There is only one real and authentic Jesus. In the world’s sea of faux-Jesus’, the Apostle John reminds and encourages his reader on how to recognize false teachers. These false teachers disguise their Jesus in ways to deceive and persuade. They cloak their Jesus in familiar terms and comfortable possibilities, lying and misleading as many as will follow.

Additional messages in this series are available here: Postcards From John


Today, more than ever, when someone tells you they believe in Jesus, you need to find out which Jesus they say they believe in.

One pastor and author, recently, and rather tongue in cheek, one author recently catalogued a number of popular versions about Jesus in making the point that not every Jesus is the real Jesus.

For instance:

There’s Open-Minded Jesus - He just wants everybody to coexist since everyone’s right anyway, and he loves everyone all the time no matter what they believe or do, except for people who are not open-minded like you;

There’s Republican Jesus – who is against tax increases and big government, but He’s for family values and owning firearms;

Then there’s Democrat Jesus – who wants to reduce our carbon footprint, increase immigration, raise taxes and print more money;

But then there’s Starbuck’s Jesus - He just loves spiritual conversations; He drinks fair trade coffee, goes to film festivals and drives a Hybrid;

There’s Touchdown Jesus – He helps athletes run faster and jump higher and score more points than non-Christians;

There’s Martyr Jesus – He was a good man who died a cruel death, and we need to feel sorry for Him;

There’s Gentle Jesus – with high cheek bones, flowing hair, He walks around barefoot and looks very European.

There’s Hippie Jesus – who teaches everyone to give peace a chance, imagine a world without religion, and He just wants to reminds us all, that all you need is love;

There’s Career Jesus – who gives us that great job when we think positive thoughts and reach for our potential and stretch for the stars so we can buy more stuff;

There’s Spirituality Jesus – who avoids churches, pastors, doctrine and would rather have people out in nature, finding the god-within while listening to weird music;

There’s Guru Jesus – He’s an inspirational teacher who actually believes in you . . . He helps you find your center . . . which is, again, all about finding you.

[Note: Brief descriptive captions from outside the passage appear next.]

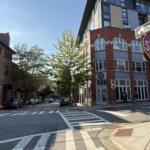 The intersection of Eagle and Market streets in downtown Asheville is among the areas slated for improvements. Asheville City Council has approved $175,000 to help downtown businesses affected by construction on several city streets.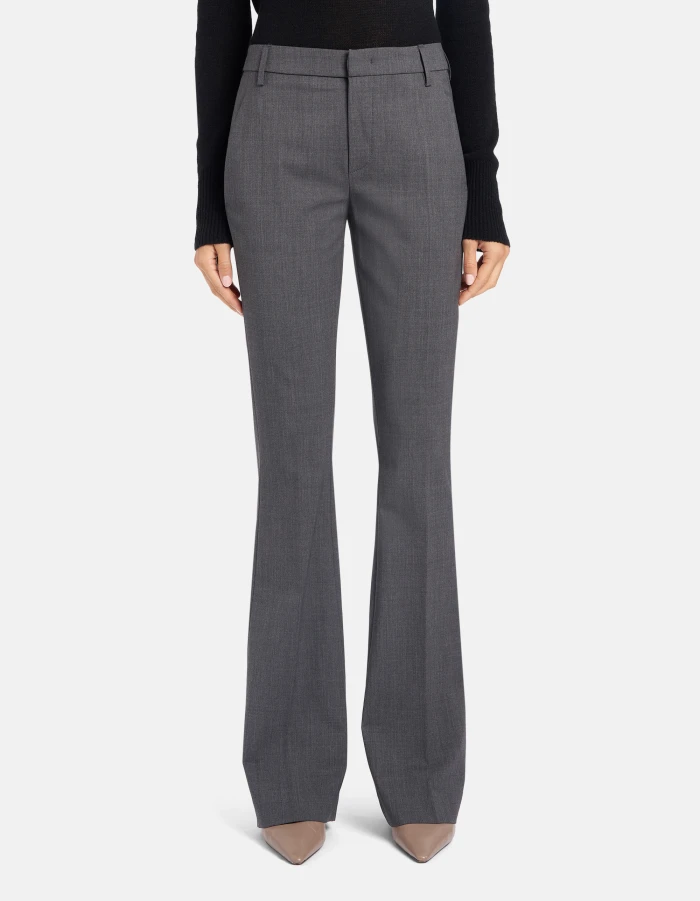 Pantaloni Lexi bootcut in gabardina di lana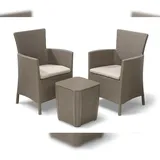 KETER Iowa Set 3-tlg. cappuccino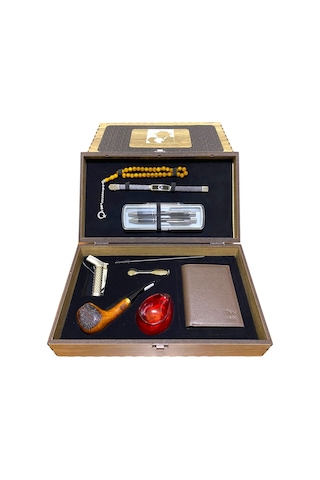 Pipsan Pipo Ahlat Ağacı Balsa Filitreli Çakmaklı Cüzdan Bileklik Tesbih Set 605738-509162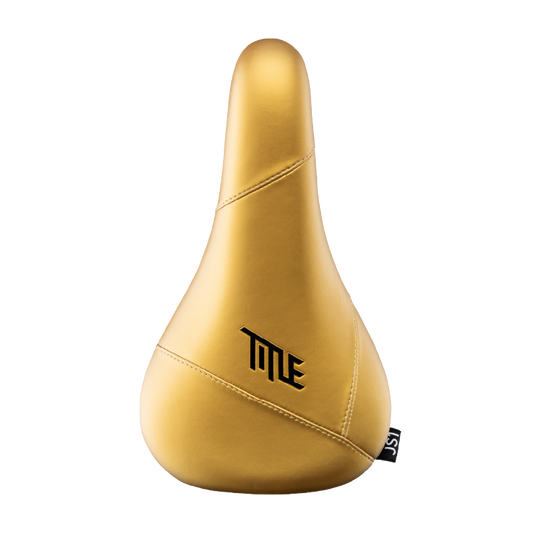Title JS1 sadel guld, set fra oven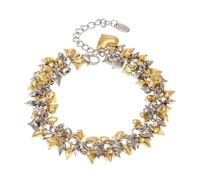 JAMNGHB Gioielli in acciaio inossidabile di alta qualità dal design minimalista a forma di cuore, da indossare tutti i giorni e regali significativi, gioielli da polso alla moda resistenti alle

There’s Boyfriend Jesus – who wraps His arms around you as you sing breathlessly about His intoxicating love in your desperate place;

Finally, there’s Good Jesus – He came to simply show you how to help people, live the golden rule, save the planet and become a better you.i

In a Peanuts cartoon, summer is over and the students are back for their first day of school. The teacher asks them to write a paragraph on returning to class. Lucy writes, “There is nothing more satisfying or challenging than education, and I look forward to a year of expanding knowledge; vacations are nice, but it’s good to get back to school.” The teacher collects the papers and calls Lucy to the front of the class where she applauds her for writing the best paper. In the final frame of the cartoon, Lucy leans over and whispers to Charlie Brown, “After a while, you learn what sells.”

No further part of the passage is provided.